Friday, 10 December 2010

Where in those from Old England experience New England

We recently returned from our Thanksgiving trip to Boston. We had a wonderful visit, the Thanksgiving feast was prepared primarily by our wonderful hostess and it was amazing! I think there was only one American at the table, but the turkey, cranberry, sweet potatoes; pie etc would have made any American proud! Thanksgiving in the US celebrates the Pilgrims at Plymouth Colony giving thanks for surviving their first brutal winter in New England. But as ever with traditions and legends, history is often a lot more complex and controversial. If you care to; you can scroll down to the section headed, “Controversy” in the above wiki leak. Also an interesting BBC podcast about the issue can be found here. We did listen to this podcast on our trip to Plymouth, Massachusetts 

The trip to Plymouth was interesting for all of us, including our 6 year old companion (nephew of our friends) who had just been learning all about the pilgrims and Thanksgiving at school. The weather was beautiful, it was a little chilly but the blue skies and the sunshine did little to remind us of the brutal winter the first pilgrims would have given thanks for back in the 17th century. It is always an interesting reminder that these first pilgrims came out of Oliver Cromwell’s religious separatists and puritans. The Native Americans story is now no longer relegated to the footnotes of history as it once may have been. The pilgrims would have encountered the Wampanoag tribe when they disembarked from the Mayflower, although their encounter did little to remind them that this New England was not an unpopulated land. We did do the tourist thing in Plymouth and visit the Plimoth Plantation. An open air museum, which is slightly expensive and a bit contrived but an interesting experience nonetheless.The Mayflower II was the second old boat we saw in Boston. The first was the USS Constitution, we were shown around by a US Navy Sailor. The USS Constitution the world's oldest floating commissioned naval vessel. The HMS Victory is the oldest naval ship still in commission, but she sits in dry dock in Portsmouth, UK.
Our friends are active and interesting tour guides, even more impressive as they have only just moved to Boston. There is no need for an official guide when you have well informed friends; as we walked parts of the Freedom Trail. We climbed the 296 steps of The Bunker Hill Monument , we were rewarded by the pretty views of Boston from the top. The Bunker Hill Monument (A National Park) marks the first major battle of the American Revolution, this is the site of one of the most famous battle orders; "Don't fire until you see the whites of their eyes!" Another famous quote from the American Revolution is the cry, “The British are coming.” This warning was provided by Paul Revere and we stopped by his house near Little Italy.
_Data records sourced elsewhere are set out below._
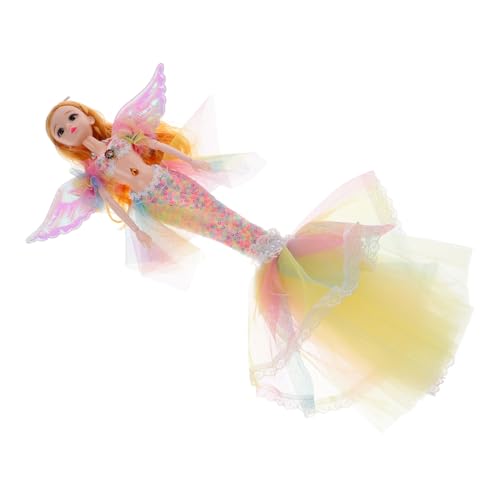 Kisangel Meerjungfrau Puppe Für Kleinkinder Wunsch Mädchen Puppe Süße Weiche Figur Kleines Kleid Meerjungfrau Puppe Kunststoff von Kisangel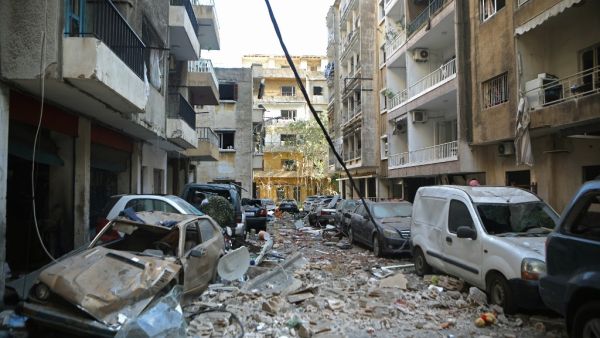 A view of the partially destroyed Beirut neighbourhood of Mar Mikhael on August 5, 2020 in the aftermath of a massive explosion in the Lebanese capital.PATRICK BAZ / AFP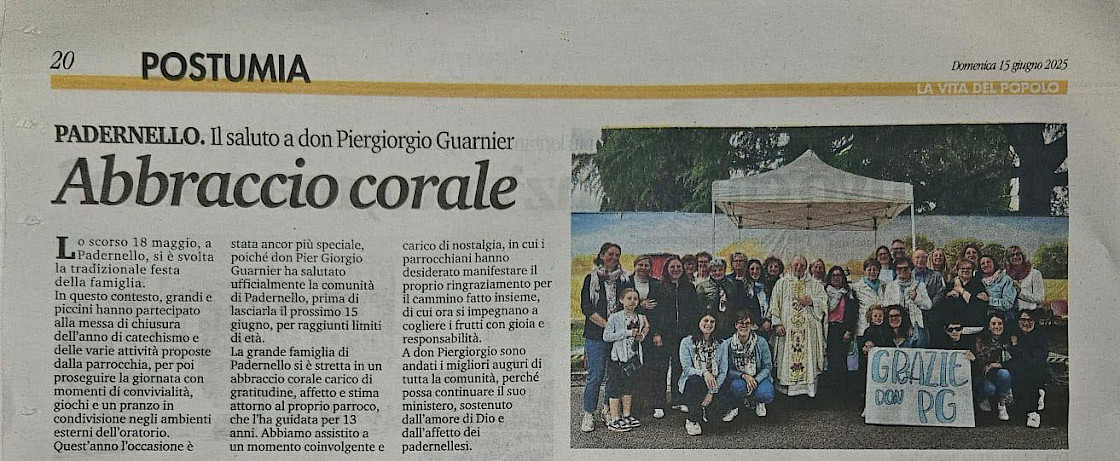 Abbraccio corale a Don Piergiorgio Guarnier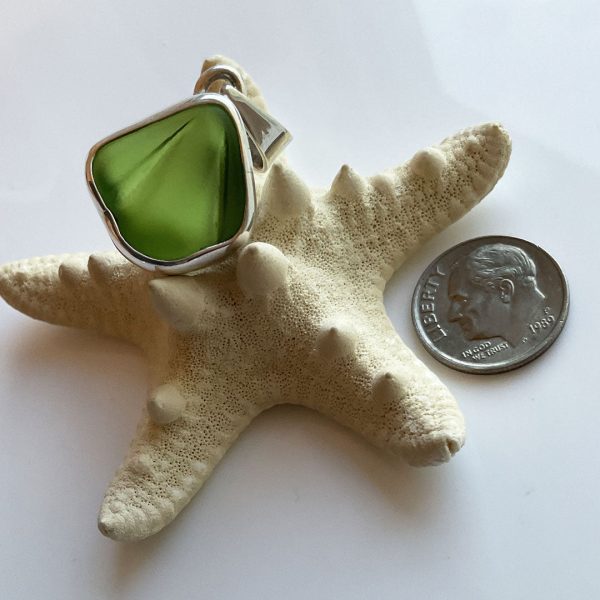 Green Sea Glass and Sterling Silver Pendant (Unusual Rivets) Cheap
Whilst in Little Italy or North End we enjoyed a delicious warming Italian feast and splurged on cannelloni’s from Mikes Pastry Shop. And the food did not stop there, I think I had the best hot chocolate ever as we walked around Cambridge. The nicest surprise was that we discovered that Boston is not home to one but two Wagagmamas. Of course we indulged and it was superb! The other reminders of home were the terraced red brick houses, Quincy Market similar to Covent Garden, Boston Common and Boston Public Garden similar to the parks in London, and the shopping; Hotel Chocolat, H&M, Zara and French Connection UK. On a side note I decided to boycott FCUK due to their sexist window display which read, “The Man endures the holiday season and the Woman prepares for the holidays.”
We also made it to the venerable academic institutions that are MIT (Massachusetts Institute of Technology) where we saw the Frank Gehry building and Harvard. Finally but not least we also went to the JFK Presidential library. Living in Dallas for the last (gasp) nearly 4 years, we have visited the Sixth Floor Museum  a few times. So it was really nice to spend so much time at JFK’s library, which is a must see; if you are ever in Boston. (As a side note I am still trying to locate President Bartlett's library?)
We also returned to the Library to listen to a very interesting lecture on, “Voting Rights in the Kennedy Years.”  It was a fascinating and moving talk by Judge Gordon A. Martin  who discussed his new book Count Them One by One:  Black Mississippians Fighting for the Right to Vote, about the 1962 court case that resulted in one of the first victories for voting rights in the South.  Judge Martin was joined by John Doar, who worked for the Justice Department under Attorney General Robert F. Kennedy and successfully tried the case.  

And so ended our wonderful tour of Boston, New England a historic, beautiful and fun place; our friends provided the warmest welcome and whilst we are sad that they are no longer around the corner from us here in Dallas we are very thankful that they were able to host us in their new home, Boston.